Or the Desktop version of the tool with the following command.

dotnet pathToPublishFolder/YpdfDesktop.dll

You can also publish the project with the --self-contained parameter. Then, to run the tool, it is not required that .NET runtime is installed on your system. To publish a project with this parameter, you should also specify the target platform and architecture using -r parameter. For example, we will publish a project for linux-x64.

You can publish CLI version of the tool with the following command.

dotnet publish Applications/ypdf -c Release -o pathToPublishFolder --self-contained True -r linux-x64

Or Desktop version of the tool with the following command.

dotnet publish Applications/YpdfDesktop -c Release -o pathToPublishFolder --self-contained True -r linux-x64

A published project can be run without dotnet. To do this, navigate to the folder where you published the project and enter one of the commands below.

On Windows.

ypdf --version
YpdfDesktop

On Linux and Mac.

./ypdf --version
./YpdfDesktop

Development

The project is developed for the .NET 6.0 platform. To continue development, you will need the .NET SDK and .NET Runtime.

Basics

  • PDF document page numbers start at 1.
  • To perform some actions on a PDF document, it is necessary that it be without a password.
  • To perform some actions on a PDF document, it is necessary that python 3 and some of its packages are installed.
  • To perform some actions on a PDF document, it is necessary that java 8 is installed.

Python packages installation

First, upgrade pip.

pip install --upgrade pip

Next, install all the necessary packages with the following command.

pip install -r requirements.txt

There is no need to install specific versions of packages. However, the tool has been tested against those specified in the corresponding file.

You can use a python virtual environment. To do this, you first need to create it. For example, this can be done with the following command.

python3 -m venv pathToEnvironment

Next, you need to activate the virtual environment.

On Windows

pathToEnvironment\Scripts\activate.bat

On Linux and Mac.

source pathToEnvironment/bin/activate

Now you can install the necessary components in the created virtual environment.

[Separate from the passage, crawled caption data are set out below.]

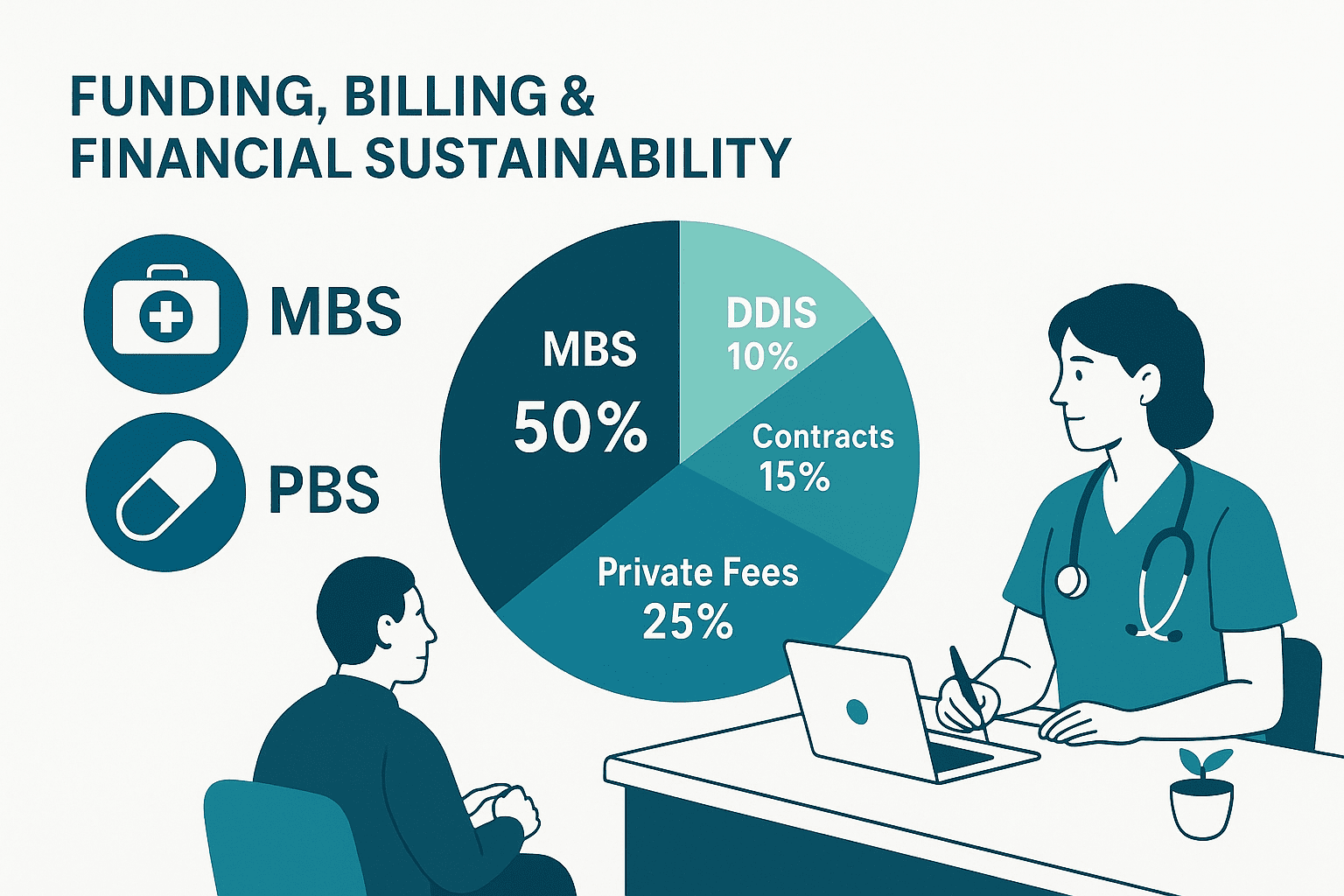 Infographic showing nurse practitioner funding and billing in Australia with MBS, PBS, private fees, contracts, and NDIS revenue streams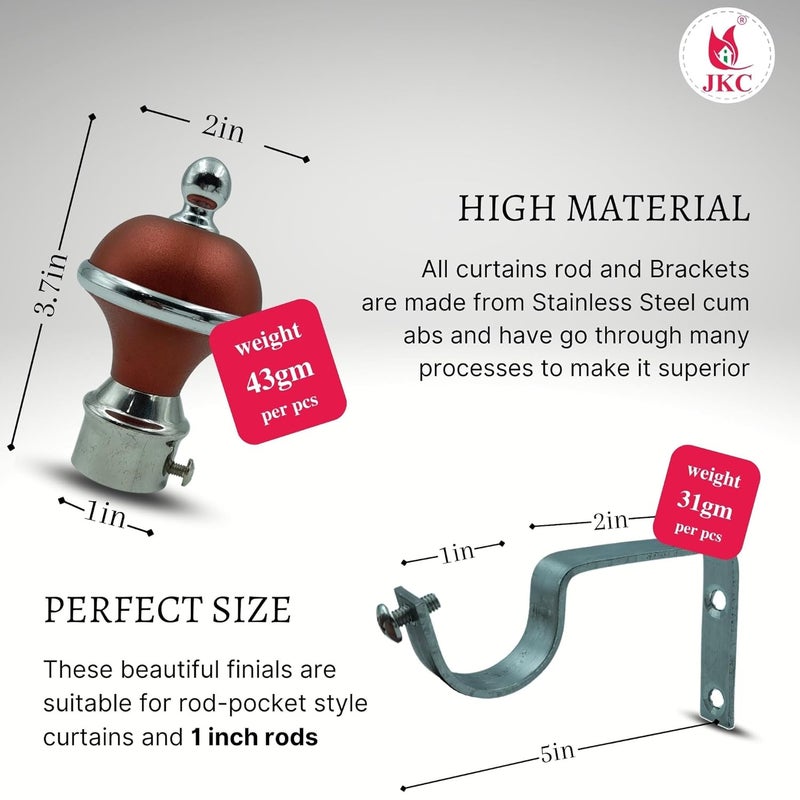 JKC Curtain Brackets and Holders SS and ABS Window Curtains Bracket Knobs and Accessories with Support for 1 Inch Rods Pocket Style Finials Socket Copper Finish Bracket12 Holder12 - Image 2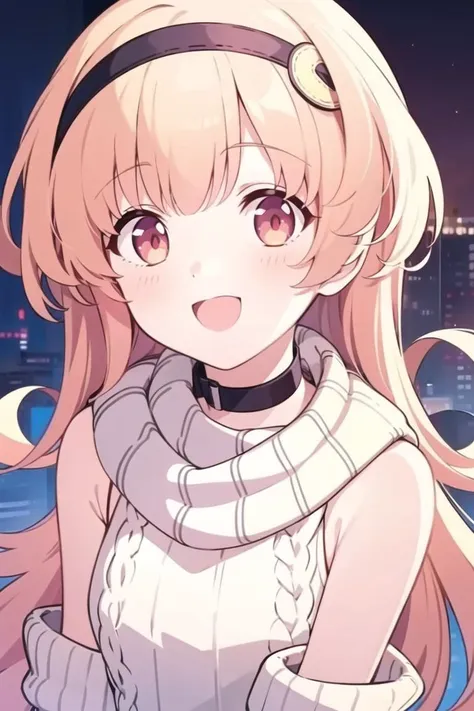 solo, 1girl, upper body, smile, open mouth, <lora:compa_v2-000009:1:OUTD:1,0,0,0,0,0,0,0,1,1,1,1,0,0,0,0,0>, compa, hairband, choker, white sweater, aran sweater, cable knit, detached sleeves
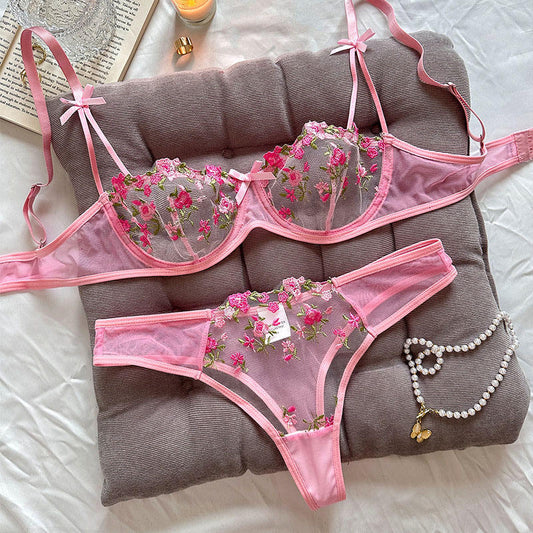 Romantic Floral Embroidered Lingerie Set – Soft, Sexy & Feminine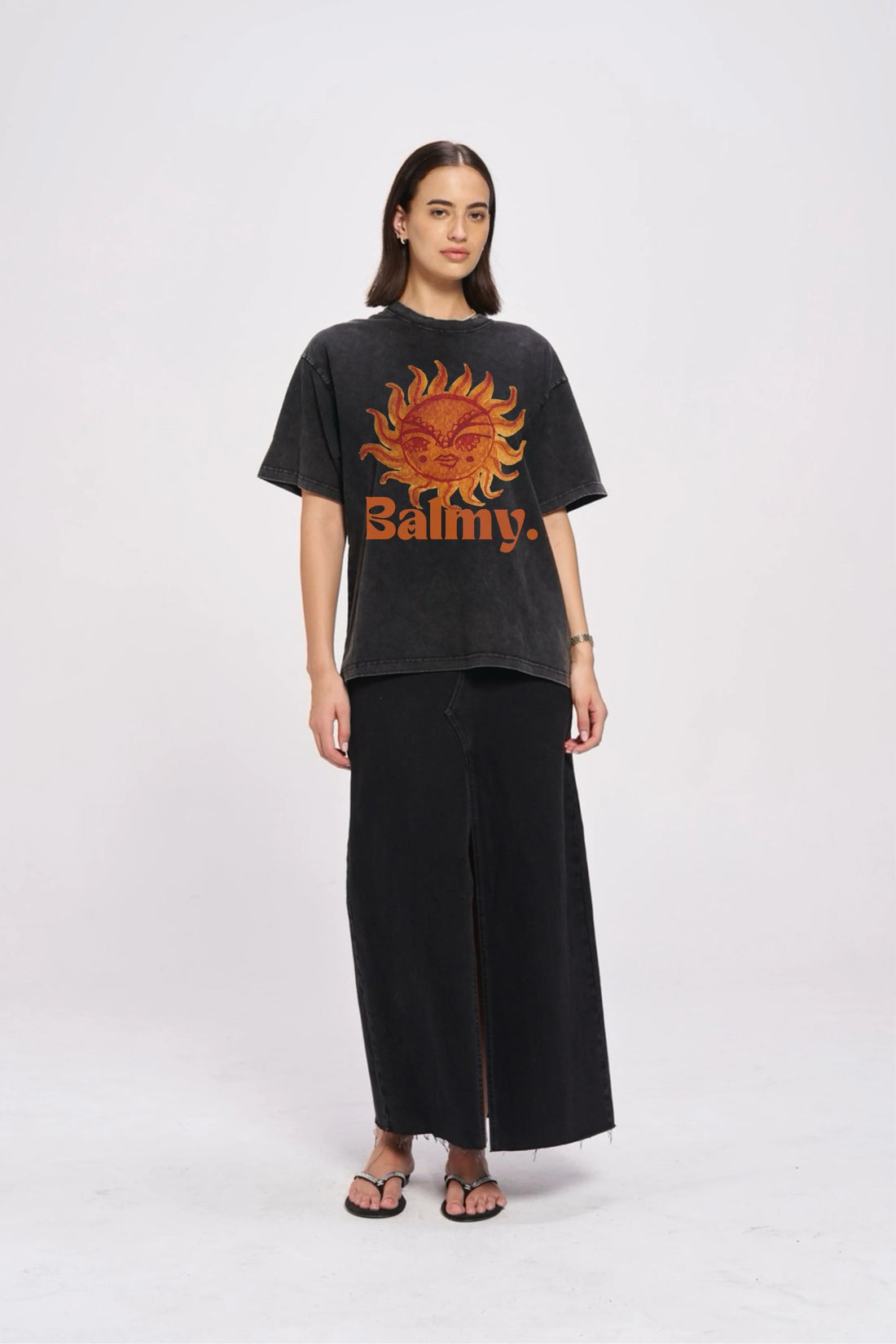 MAKU The Label Balmy Acid Wash Oversize Black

pip install -r requirements.txt

And then run the tool in it using the commands described earlier.

How to use CLI version

Basics

The most important parameters

  • You can specify the path to the input file using the -i parameter.
  • You can specify the path to the output file using the -o parameter.
  • You can specify the path to the output directory using the -O parameter.
  • You can specify the paths to multiple files using the -f parameter multiple times.
  • You can specify the paths to directories from which files will be taken using the --files-from parameter.
  • You can specify the pattern to match files taken from the directories specified by the --files-from parameter using the --file-pattern parameter.

Font configuration

  • You can specify font size, font family, font color and font opacity after the -s, --font-family, --font-color and --font-opacity parameters.
  • You can also specify your own font. To do this, you need to specify the font path after the --font-path parameter (and the encoding after the --font-encoding parameter, if necessary).

Parameters parsing

  • The range can be represented by either one number or two. The numbers are separated by the '-' symbol (the first number means the start of the range and the second number means the end of the range).
  • The page order should be represented as a sequence of numbers or ranges separated by commas. These items mean the page numbers through which the page order is determined.
  • The rotation should be represented as two elements separated by the ':' symbol. The first element means the set of comma-separated page numbers (that can be represented either as a single number or as range) and the second element means the angle to which this pages should be rotated.
  • The cropping should be represented as two elements separated by the ':' symbol. The first element means the set of comma-separated page numbers (that can be represented either as a single number or as range) and the second element means the pair of points separated by comma, which corresponds to the lower-left and upper-right corners of the rectangle to be cut.
  • The division should be represented as two elements separated by the ':' symbol. The first element means the set of comma-separated page numbers (that can be represented either as a single number or as range) and the second element means the pair of the orientation of the division and the offset of the central line of the division.The shift is a floating-point number (you can not explicitly specify it, in this case, write only the orientation, the shift will be automatically set to 0). The parameter value is either the string 'vertical' or 'horizontal'.
  • The content shift should be represented as two elements separated by the ':' symbol. The first element means the set of comma-separated page numbers (that can be represented either as a single number or as range) and the second element means the pair of comma-separated numbers (the first number means a horizontal shift and the second means a vertical shift).
  • The splitting part can be represented by either a number or a simple expression that uses only multiplication.
  • The page size can be represented either by a special name or by two numbers separated by the 'x' symbol (the first number means the page width, and the second number means the page height).
  • The page increase should be represented as four numbers separated by commas. The first number means an increase to the left, the second number means an increase to the top, the third number means an increase to the right, the fourth number means an increase to the bottom.
  • The margin can be represented by either one number (this number will be an indent on all sides), two numbers (the first number will be an indent on the left and right, and the second number will be an indent on the top and bottom), or four numbers (the first number will be an indent on the left, the second number will be an indent on the top, the third number will be an indent on the right, the fourth number will be an indent on the bottom).
  • The image extension should be represented without a dot.
  • You can get special names for some parameters using "ypdf --help".
  • Floating point numbers are converted depending on your environment (that is, the fractional part is separated by a dot or comma depending on your environment).

Get help

Getting the list of parameters with explanations.

ypdf --help

Get version

Getting the current tool version.

ypdf --version

Get guide

Getting the guide.

ypdf --guide

Global config

You can get the current global configuration using the --show-config parameter.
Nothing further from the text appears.